В опытах использовали клетки из культур, находящихся в середине линейной фазы роста. Клетки отделяли от среды центрифугированием при 8000 g и суспендировали в 30 мМ фосфатном буфере (рН 8.0). Для определения активности β-КА бактерии разрушали на ультразвуковом дезинтеграторе УЗДН-2М при 22 кГц. Все операции проводили при 0–4°С.

Активность карбоангидразы измеряли по скорости выделения Н+ в результате гидратации СО2 при 4°С. Для этого клеточную суспензию или бесклеточный экстракт, содержащие 0.05–2.0 мг белка, добавляли в охлажденный до 4°С реакционный сосуд, содержащий 14 мл К-фосфатного буфера (10 мМ, рН 8.0).

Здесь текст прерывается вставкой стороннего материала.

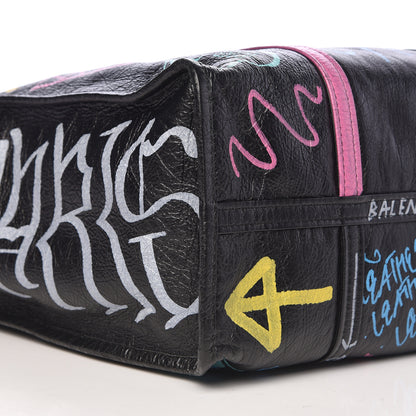 Balenciaga Agneau Arena Graffiti All Over Medium Bazar Shopper Tote Black Multicolor 9 of 11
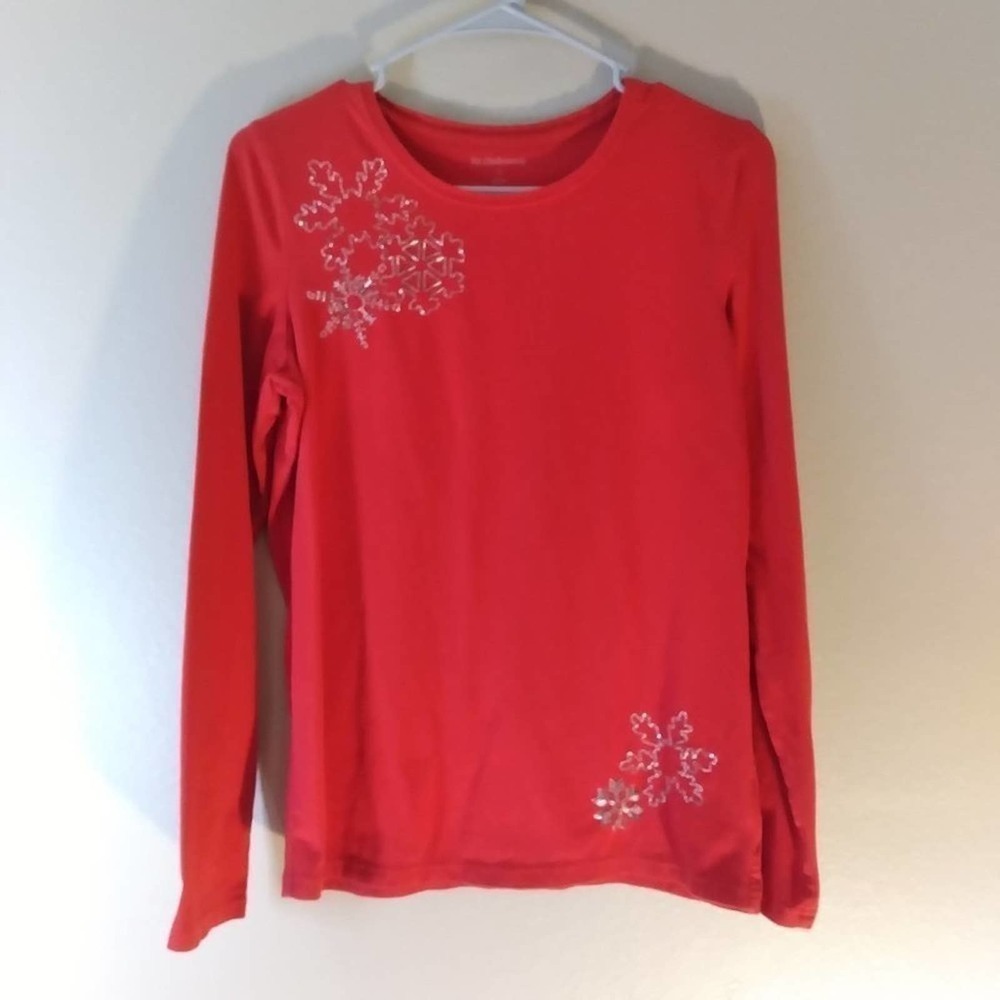 🦋 Liz Claiborne Christmas Red Snowflake Top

Реакцию начинали добавлением 1 мл охлажденной до 4°С дистиллированной воды, насыщенной СО2. Измерения проводили, используя рН-метр Аквилон рН-410 (Россия), с регистрацией кинетики подкисления среды в диапазоне рН от 8.0 до 7.0. Активность карбоангидразы рассчитывали по уравнению U = (Т0Т)/Т мг–1 белка, где Т – время изменения pH от 8.0 до 7.0 в отсутствии испытуемого образца, Т0 – в присутствии суспензии клеток или бесклеточного экстракта. Активности β-КА определяли по увеличению карбоангидразной активности в разрушенных клетках по сравнению с неразрушенными на величину, превышающую точность измерения активности КА (более 0.2). Белок определяли по Лоури.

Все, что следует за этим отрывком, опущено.